PolMine / polmineR

R-package for text mining with the Corpus Workbench (CWB) as backend
49 stars 9 forks source link

Warning: unknown encoding #21

Closed wiertz closed 7 years ago

wiertz commented 7 years ago

Hi, I managed to install the package, point the package to my local cwb registry directory and access the corpora. Yet when doing queries (e.g. kwic or count) I get the following warning message:

In getEncoding(.Object) :Please check encoding in the registry file (charset="..." provides unknown encoding) or provide encoding explicitly"

The corpus is utf8 and has been encoded with cwb-encode option -c utf8. Indeed the corpus registry file does not provide charset="utf8", but contains a template line obviously meant to do this (##:: charset = "utf8"). However, when I uncomment this line to "charset = 'utf8'", the corpus fails to load already when activating rcqp, giving the following error message:

REGISTRY ERROR (/usr/local/share/cwb/registry/spiegel_online): Illegal corpus declaration -- no attributes defined REGISTRY ERROR (/usr/local/share/cwb/registry/spiegel_online): Parse Error.

Seems as if this could be an issue with either rcqp or cwb itself. Is it possible to actually "provide encoding explicitly" to polmineR, as the initial warning suggests, and if so how?

Thanks for your help - I am very much looking forward to seeing this package develop!

Best, Thilo

PolMine commented 7 years ago

Hi Thilo,

thanks for raising the issue.

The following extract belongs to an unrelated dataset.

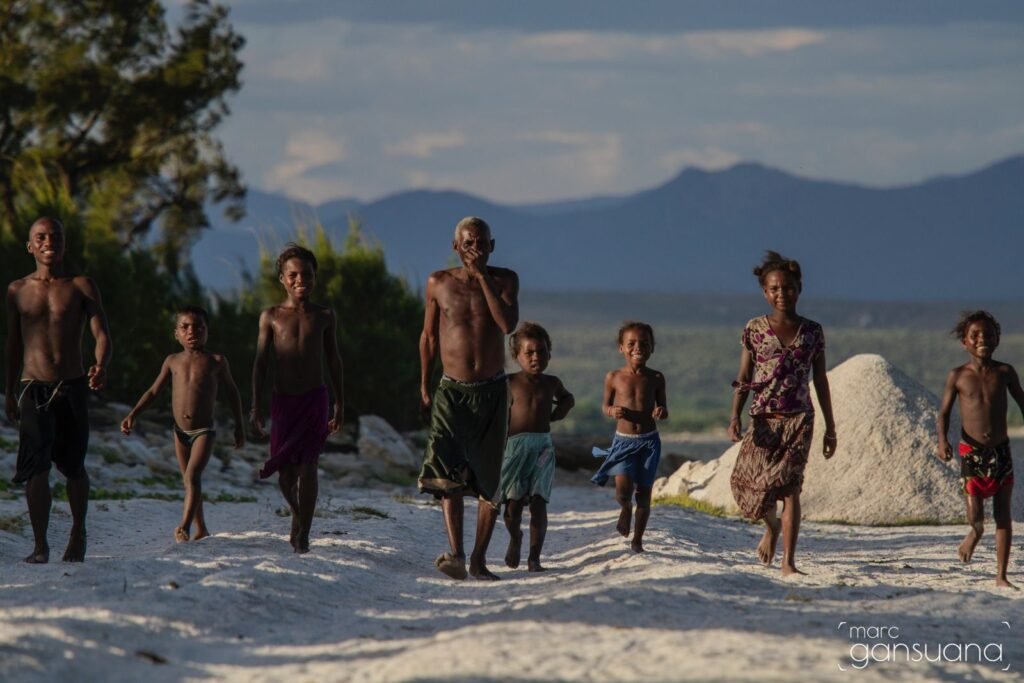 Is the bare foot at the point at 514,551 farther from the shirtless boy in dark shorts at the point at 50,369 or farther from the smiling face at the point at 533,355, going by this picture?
the shirtless boy in dark shorts at the point at 50,369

It would be best if you could post the registry file of your copus, so that I can try to reproduce the error.

The getEncoding-method reads in the registry file, identifies the line that defines the encoding / charset, and checks whether it is an available encoding:

encoding <- sub('^.*charset\\s*=\\s*"(.+?)".*$', "\\1", encodingLine)
encoding <- toupper(encoding)
if (!encoding %in% iconvlist()){
    warning('Please check encoding in the registry file (charset="..." provides unknown encoding) or provide encoding explicitly')
}

To understand the issue, you can call the procedure used to get the encoding of the corpus directly. What do you see when you run the following commands:

foo <- RegistryFile$new(corpus = "YOURCORPUS")$getEncoding()
print(foo)

and / or

getEncoding("YOURCORPUS")

Finally, please make sure that you have installed the latest version polmineR from the development branch:

devtools::install_github("PolMine/polmineR", ref = "dev")

Andreas

wiertz commented 7 years ago

Hi Andreas,

thanks for your response. I think I found the problem: RegistryFile$new(corpus = "YOURCORPUS")$getEncoding() returns "UTF8", but iconvlist() only contains "UTF-8". I tried to manually change the registry file from utf8 to utf-8, but then cqp throws an error.

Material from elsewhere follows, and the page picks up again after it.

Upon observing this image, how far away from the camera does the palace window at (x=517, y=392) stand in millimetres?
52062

I can't update through devtools as the package fails to install (devtools requires git2r, git2r install fails because of "Unsupported architecture"...). R shows version 0.7.3.

Thilo

PolMine commented 7 years ago

Hi Thilo, it's still odd. "UTF8" %in% iconvlist() is TRUE, so that's not the problem. I just wondered whether you might work with windows? Line endings may be messed up (from the perspective of CQP) when you edit the registry file. One potential solution is to read the registry file, and saving it again:

library(polmineR)
R <- RegistryFile$new("YOURCORPUS")
R$write()

Let me know whether that works. Andreas

wiertz commented 7 years ago

Actually I checked: "UTF8" %in% iconvlist() in my case is FALSE. The help of inconvlist has the explanation:

The names of encodings and which ones are available are platform-dependent.

I'm on Mac, so probably that makes the difference.

PolMine commented 7 years ago

Ok, but that implies that file endings ("\n" on Mac/Linux, and "\r\n" on windows) are not the problem. Would you mind to share your registry file? When parsing the registry file, the corpus library can be fairly picky.

wiertz commented 7 years ago

Below is the registry file. But as far as I can see the different UTF-namings explain the warning: the registry file is parsed correctly, getEncoding extracts "utf8", but since on my computer "UTF8" %in% iconvlist() is FALSE, throws a warning. CQP seems to be happy with "utf8", but not with "utf-8", so if I manually change the registry file from "utf8" to "utf-8" I get an error by cqp. I guess that ideally getEncoding would handle the different UTF-naming conventions.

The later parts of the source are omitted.